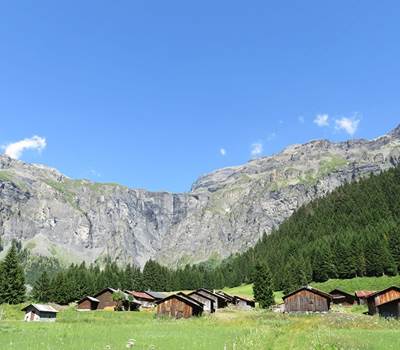 Cirque des Fonts 2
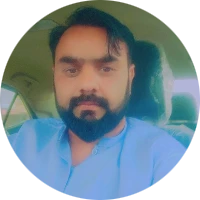 استاد ابرار& ہمایوں وڑائچ کوٹلی قاضی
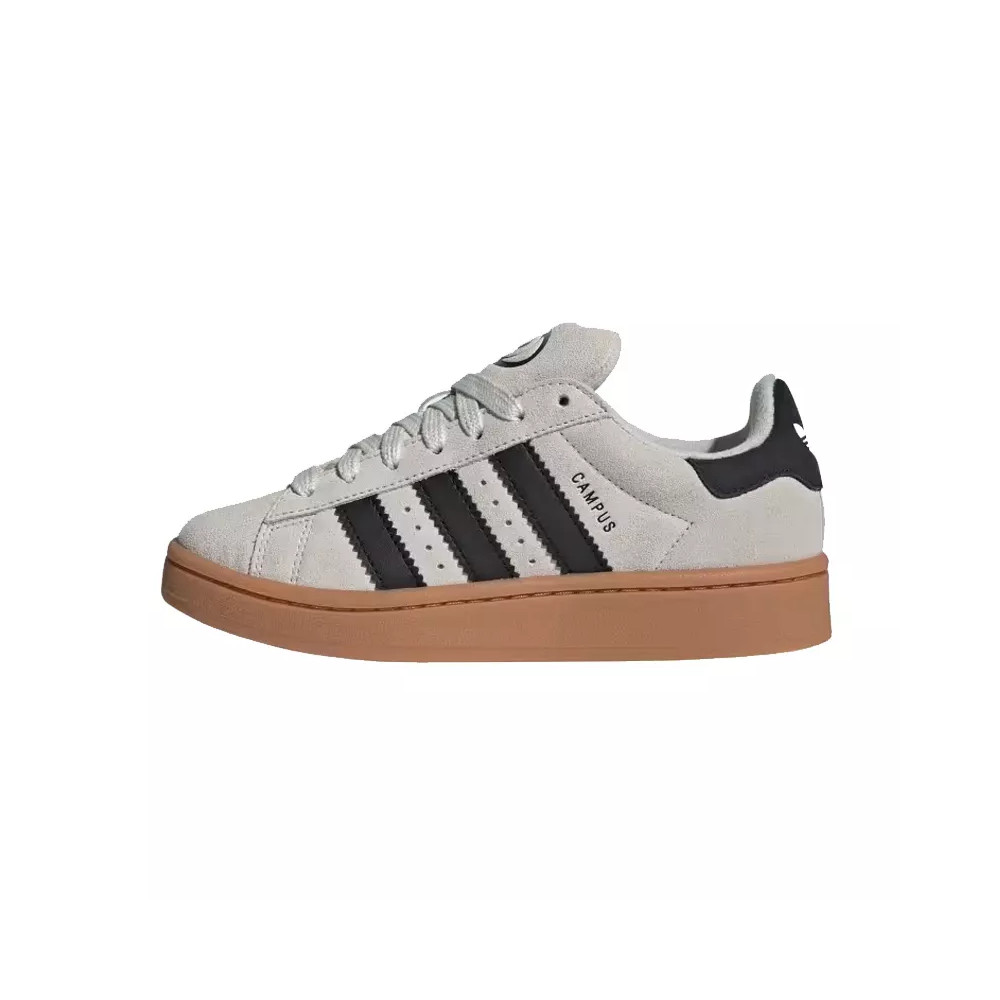 adidas originals Basket adidas Originals CAMPUS 00S JUNIOR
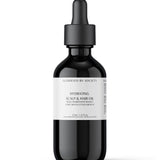HAIR OIL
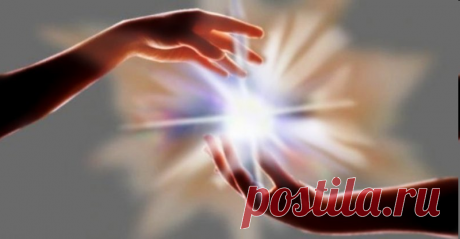 Плейкаст «МУЗЫКА ДУШИ!!!»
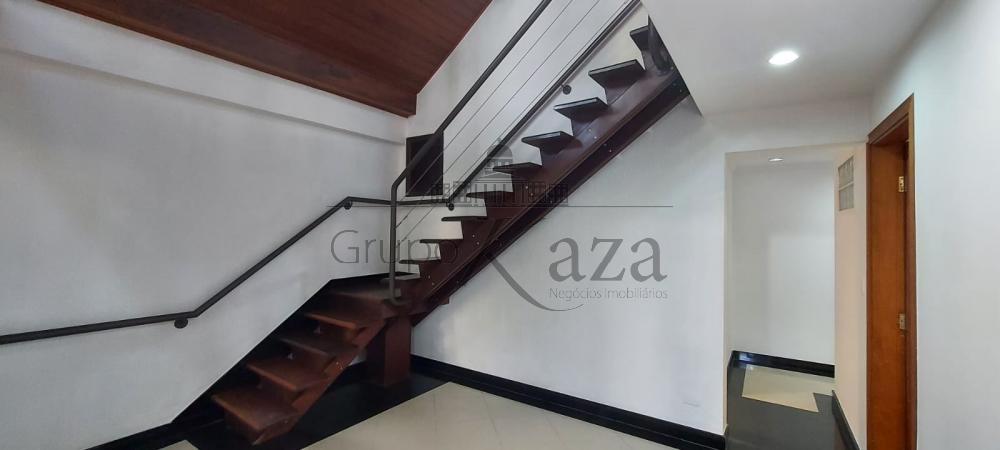 Foto 1 de Comercial Casa em Vila Adyana, São José dos Campos - imagem 1 Foto 1 de Comercial Casa em Vila Adyana, São José dos Campos - imagem 1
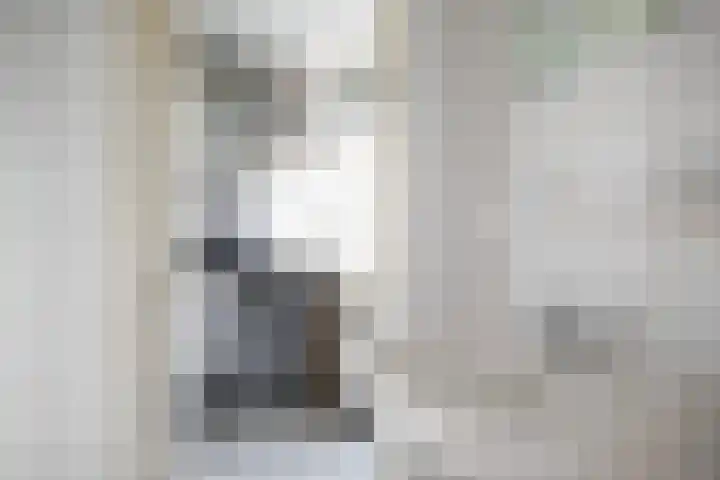 Madoeralaan 30 Ede thumbnail 15
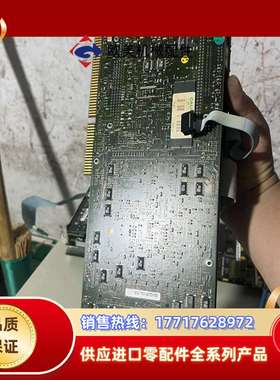 MVS360SL MVS725 MVS601 MVS610议价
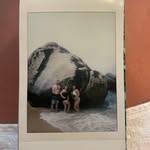 Sonya - @sonyavilla - Instagram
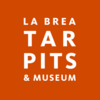 La Brea Tar Pits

* * * * * * * * *

• TASK DETAILS: Nothing but the lines from the line containing "MVS360SL MVS725 MVS601 MVS610议价" through the last line of the records above is to be extracted, exactly and with no pictures.

• TASK RESPONSE:
 MVS360SL MVS725 MVS601 MVS610议价
 Sonya - @sonyavilla - Instagram
 La Brea Tar Pits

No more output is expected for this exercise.